▶ [WHAT IS NEEDED] Copy out exactly, and only, the lines from the one containing "Wandplank huis 32x28x12 cm - hout - Artemio" through the end of the entries. No pictures.

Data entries
+ + + + +
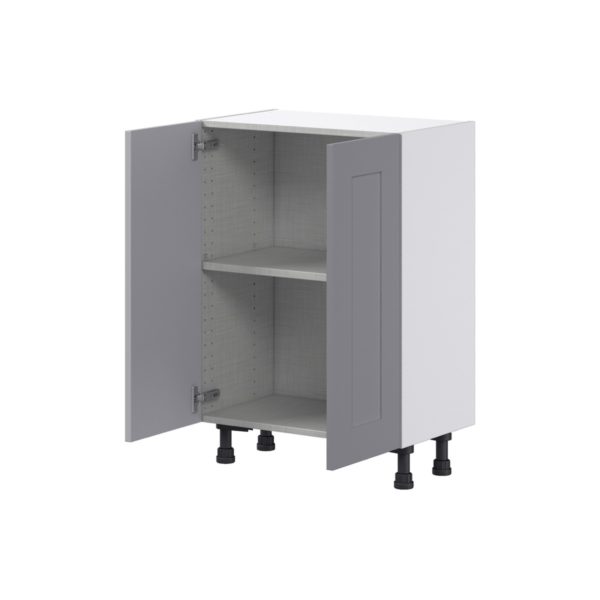 Willow Painted Slate Gray  Shaker Assembled Shallow Base Cabinet with 2 Full High Doors (24 in. W x 34.5 in. H x 14 in. D)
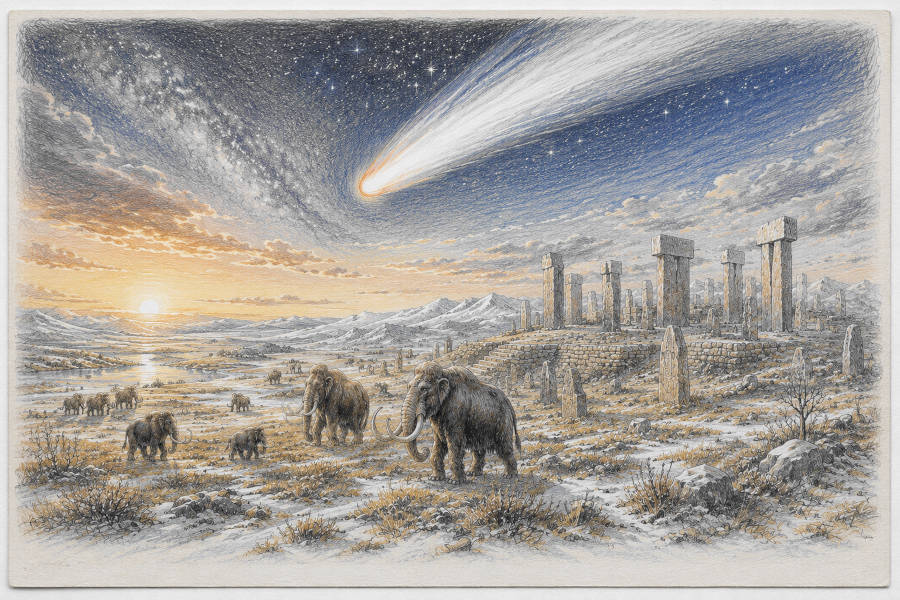 Komet am Himmel, im Vordergrud Mammut-Herde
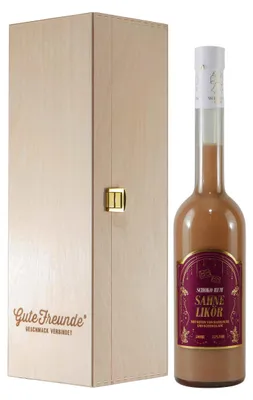 Produktbild von Bimmerle Schoko-Rum Sahnelikör mit Geschenk-Holzkiste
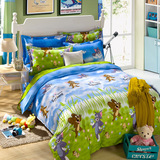 纯棉蓝色猫和老鼠卡通图案四件套全棉被套绿色花草床单床上用品
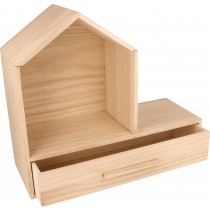 Wandplank huis 32x28x12 cm - hout - Artemio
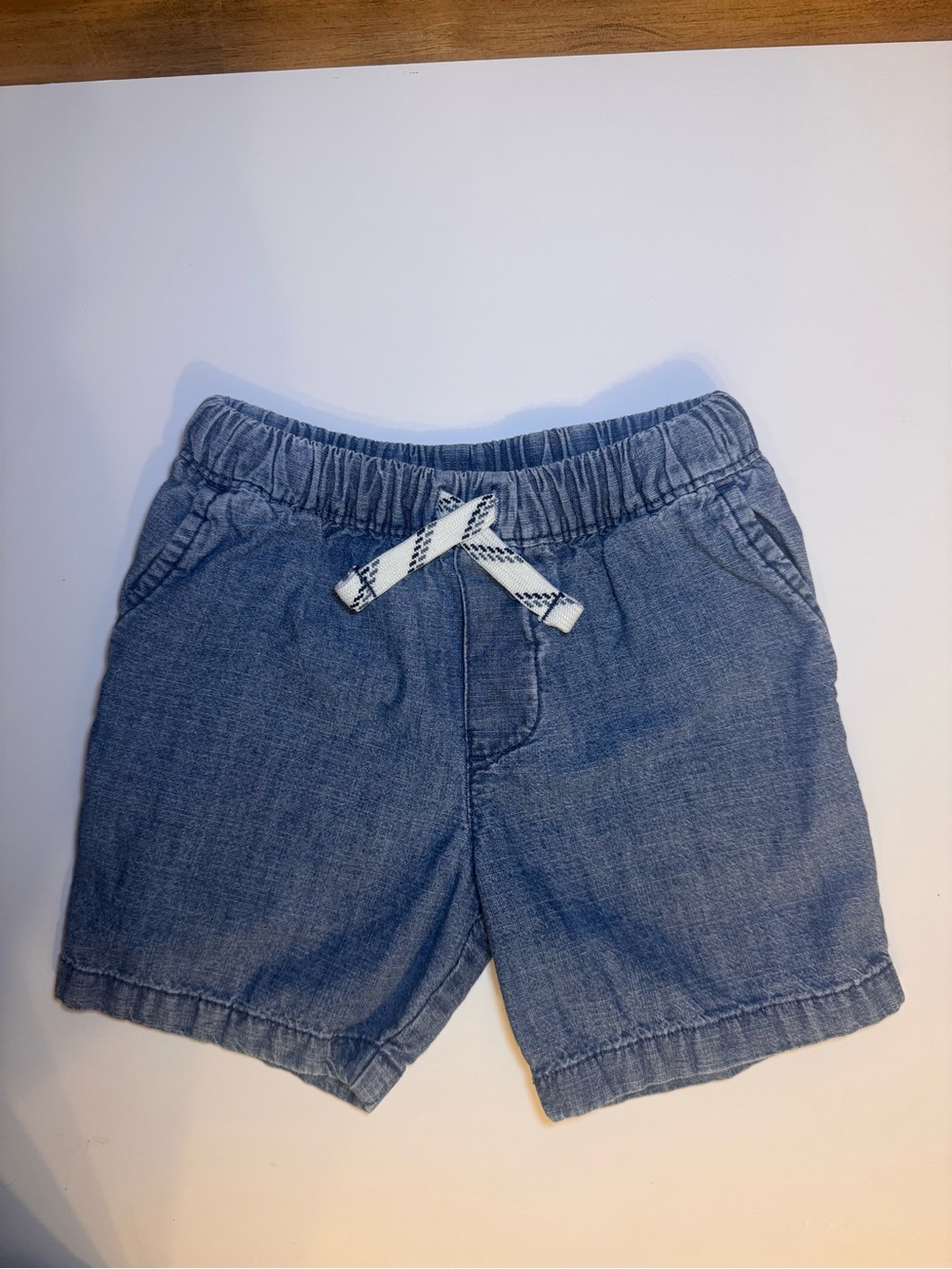 Carter’s Baby Boy 24M Chambray Blue Pull-On Shorts Drawstring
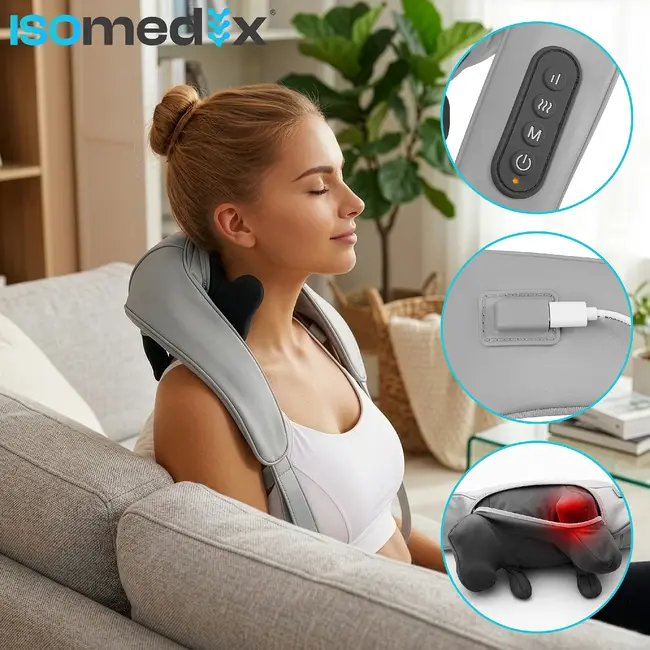 Ruhhy Shiatsu nekmassager 22,2 W met warmtefunctie, 3 massagestanden, accu tot 120 minuten, USB-C en automatische uitschakeling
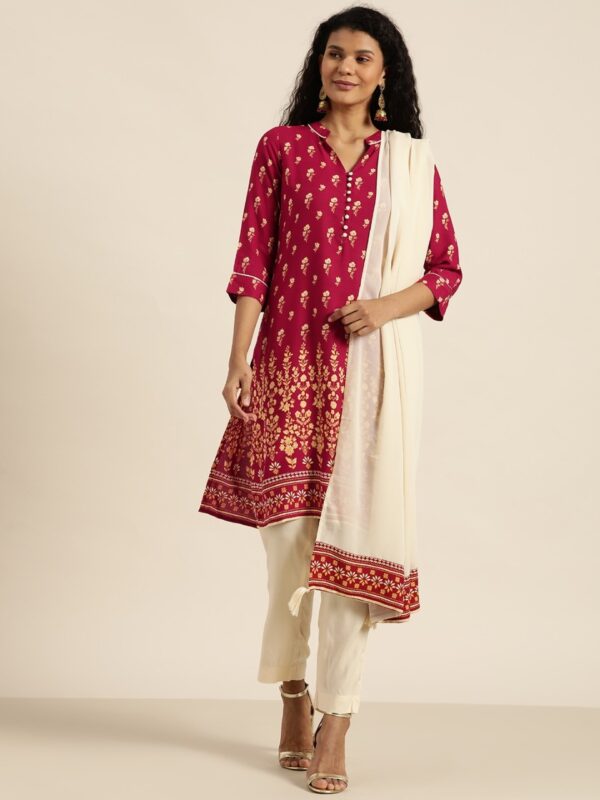 all about you Women Printed Kurta with Trousers & Dupatta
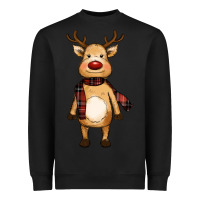Black cute reindeer Heavyweight Sweatshirt - RanaPortraitStore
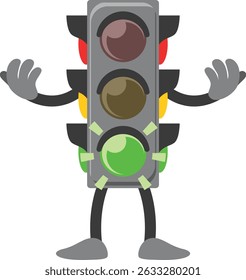 cartoon traffic light character with green light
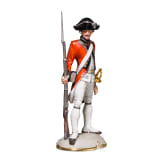 A porcelain soldier "Fusilier du R&eacute;giment d'Erlach" (Fusilier from the Regiment of Erlach), Nymphenburg, 20th century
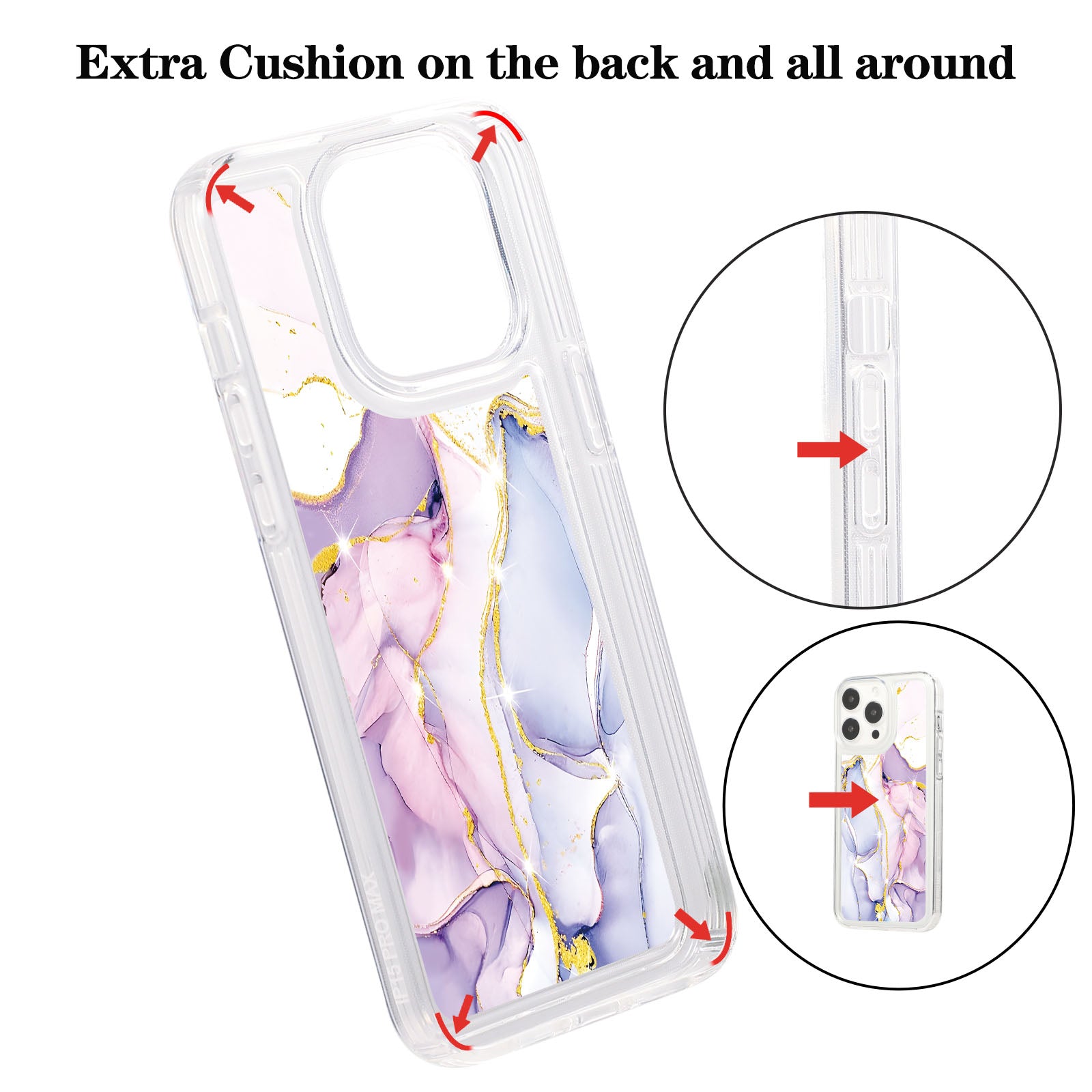 For iPhone 15 Pro Case Marble Pattern TPU Airbag Structure Phone Shell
+ + + + +
▶ [SOLUTION FOR THIS TASK]
 Wandplank huis 32x28x12 cm - hout - Artemio
 Carter’s Baby Boy 24M Chambray Blue Pull-On Shorts Drawstring
 Ruhhy Shiatsu nekmassager 22,2 W met warmtefunctie, 3 massagestanden, accu tot 120 minuten, USB-C en automatische uitschakeling
 all about you Women Printed Kurta with Trousers & Dupatta
Black cute reindeer Heavyweight Sweatshirt - RanaPortraitStore
 cartoon traffic light character with green light
 A porcelain soldier "Fusilier du R&eacute;giment d'Erlach" (Fusilier from the Regiment of Erlach), Nymphenburg, 20th century
 For iPhone 15 Pro Case Marble Pattern TPU Airbag Structure Phone Shell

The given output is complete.